Mr. Orbán is using his new powers to impose a highly regressive agenda. New laws define marriage as solely between a man and a woman, and assert rights for the unborn child. Another feature is a new electoral system, which critics say favours the ruling Fidesz party. In addition, several Christian denominations have lost tax exemptions, as have Islam, Buddhism, and Hinduism. Mr. Orbán himself has said, “The Republic is merely a cloak for the nation.”

That is ideal for the Hungarian far-right, who use a sophisticated network of websites to spread what the German newsmagazine Der Spiegel International calls “extremely aggressive anti-Semitic, anti-Gypsy, chauvinistic and homophobic content.” Some of the websites concerned are based in the United States, but even Hungarian officials’ attempts to get them closed have so far failed. This virtual world shows that far-right sympathies in Hungary extend far beyond the membership of the Jobbik party, which came third with a 17 per cent vote-share in the 2010 parliamentary elections.
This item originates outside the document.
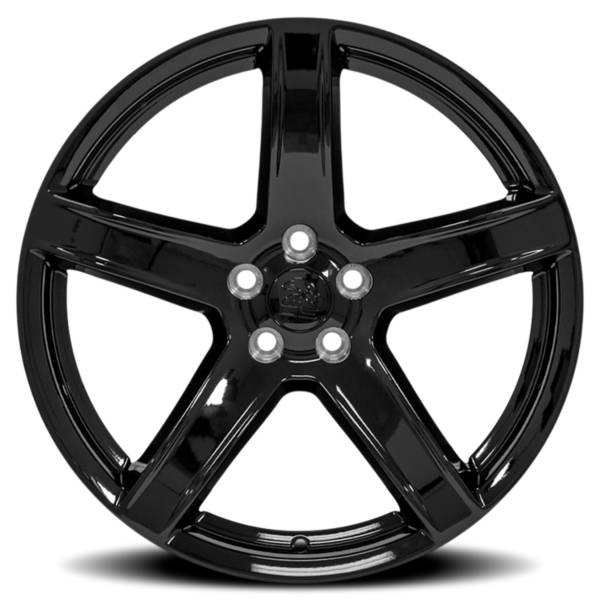 OE Wheel Distributors DG22 DG22 product medium 22  X9.5   5-127.00 29  BKGLXX
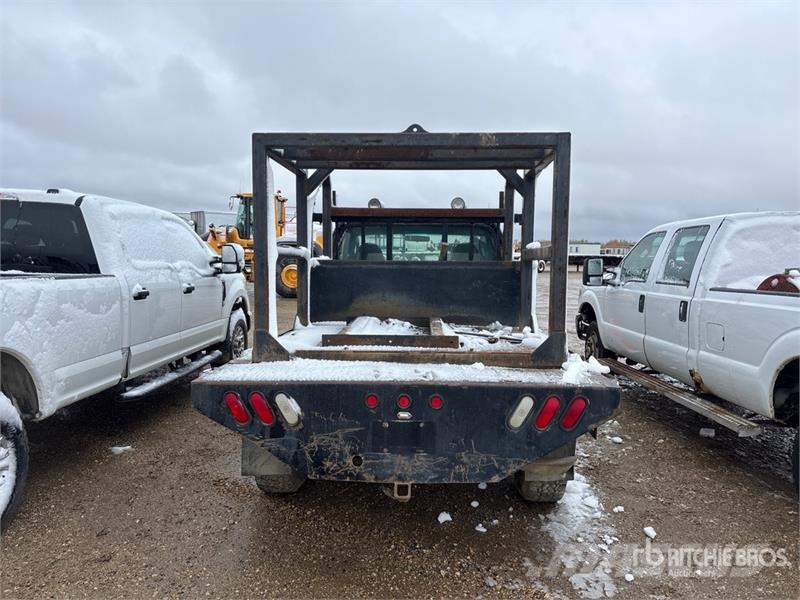 Ford F-350 Flatbed kamyonlar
The party leader, Gábor Vona, has even announced that they are not democrats–but Jobbik still stands in elections.

The party is now exploiting what it sees as governmental acceptance, if not approval, to intimidate the country’s Roma, who number between 400,000 and 800,000. The British newspaper the Guardian reports that one village school maintains a form of apartheid, with Roma children given poorer equipment, taught on separate floors, and fed separately from the other pupils. Municipal officials and teachers evade questions or refuse to discuss the matter.

Furthermore, sections of the Hungarian right are openly terrorising the Roma. In the last three years, 49 attacks on Roma have killed seven adults and two children, and in at least one village several Roma families are too frightened to venture out for fear of racial abuse and physical assault. The local police seem to have done nothing in response to their complaints, and right-wing militias target such villages with arrogant displays and loud late-night events to keep the residents awake. Jobbik are also planning a nationwide militia. At one point a U.S. philanthropist organised an emergency evacuation of Roma families, which officials huffily claim was a pre-organised holiday for the children.

Just as ominously, the government itself is sending menacing signals to Hungary’s Jewish minority, with blatant attacks on major cultural institutions in a country that has famous fine-arts traditions. The director of Budapest’s highly successful New Theatre, István Márta, has been replaced by György Dörner, who promptly announced his intention of collaborating with the extreme right-wing playright and notorious anti-semite, István Csurka. (Csurka died on February 4.) One of Dörner’s targets is Tamás Ascher, the Director of the Academy of Drama and Film, who also happens to be Jewish.

Needless to say, the new Hungarian constitution, most of the new laws, and the unpunished conduct of the Hungarian Right almost certainly breach the European Charter of Fundamental Rights and the separate European Convention on Human Rights. Yet the EU looks helpless over flagrant transgressions by a member state. Its only elected body, the European Parliament, remains deafeningly silent; it has a conservative majority made up of MEPs far more extreme than those who succeed in gaining domestic office. The EU Council of Ministers also remains silent, and the sole response has come from bureaucrats in the European Commission and the European Central Bank with an earnest debate on what to do about Hungary’s finances, which are in parlous condition after years of mismanagement by the former Socialist prime minister, Ferenc Gyürcsany, and chaotic spending by Mr. Orbán. The Eurocrats seem to think only financial sanctions can restrain the latter, despite the risk that sanctions will feed the rampant anti-Europeanism and xenophobia of Fidesz and its allies. The problem is that financial measures alone will not address the political issues involved, and will leave Hungary’s Roma and Jewish minorities even more exposed. If the EU cannot deal robustly with its own errant members, then its citizens could soon hear the jackboots echoing a long way west of the Danube.